## What to work on
Without any pictures, reproduce exactly the lines running from the line containing "- 350x450 Aanbouw" through the end of the entries.

*** Material provided

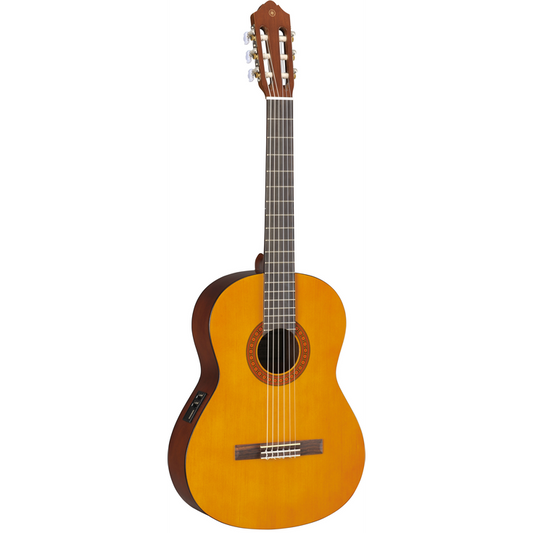 Guitarra Yamaha Ref: C40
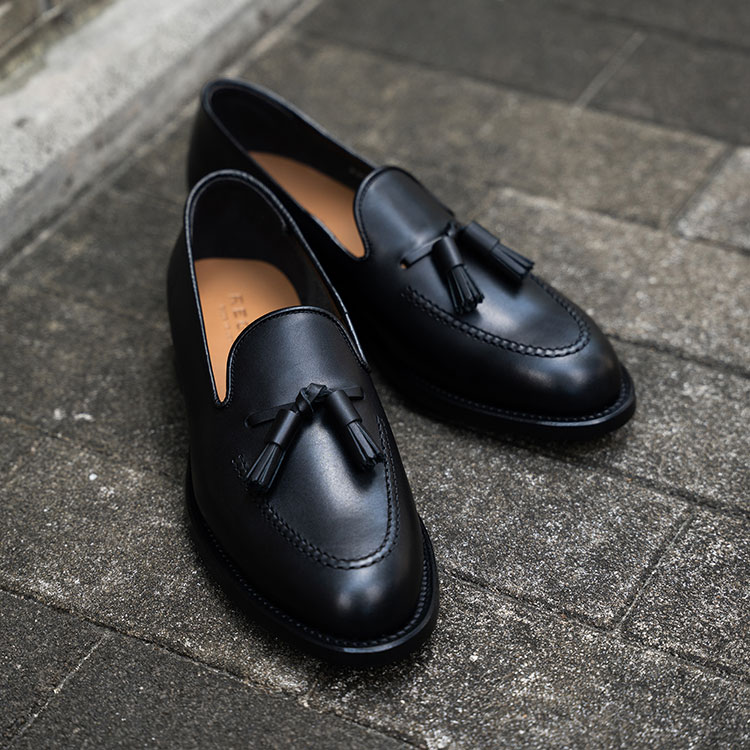 楽天市場】【国内正規品】REGAL リーガル メンズ ビジネスシューズ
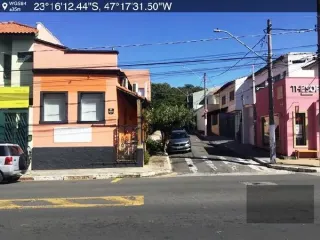 Imagem do imóvel CA95510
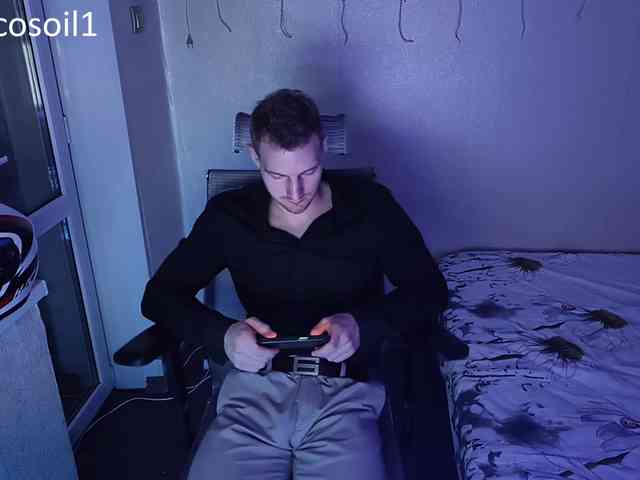 Alexander-ATL1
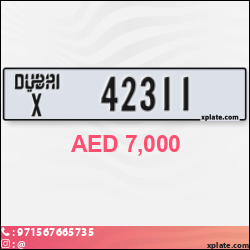 e22fed1d-ee4c-4eeb-89c7-c7d3909f55e9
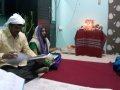 02-Aaradhana-KodandaRam-Salmiya-Kuwait-13122019
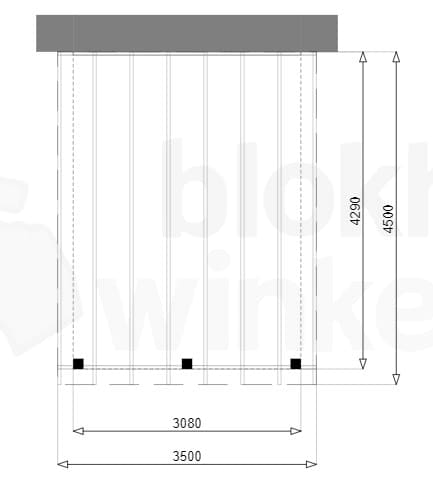 Aanbouw zelfbouw douglas veranda Outback Douglas Aanbouw Veranda 350x450 - Outback - ODAV350x450 - 350x450 Aanbouw zelfbouw douglas veranda Outback Douglas Aanbouw Veranda 350x450 - Outback - ODAV350x450 - 350x450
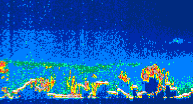 /calipso-imagery/data/BROWSE/production/V5-00/2008-09-16/2008-09-16_01-19-03_V5.00_4_thmb.png image missing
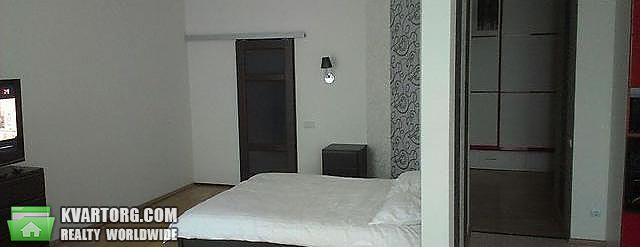 Sell 1-room apartment. Киев,  Зверинецкая — photo 4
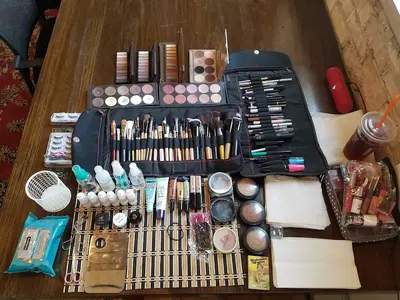 Epoch Beauty & Lash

******

## Result
 Aanbouw zelfbouw douglas veranda Outback Douglas Aanbouw Veranda 350x450 - Outback - ODAV350x450 - 350x450 Aanbouw zelfbouw douglas veranda Outback Douglas Aanbouw Veranda 350x450 - Outback - ODAV350x450 - 350x450
 /calipso-imagery/data/BROWSE/production/V5-00/2008-09-16/2008-09-16_01-19-03_V5.00_4_thmb.png image missing
 Sell 1-room apartment. Киев,  Зверинецкая — photo 4
 Epoch Beauty & Lash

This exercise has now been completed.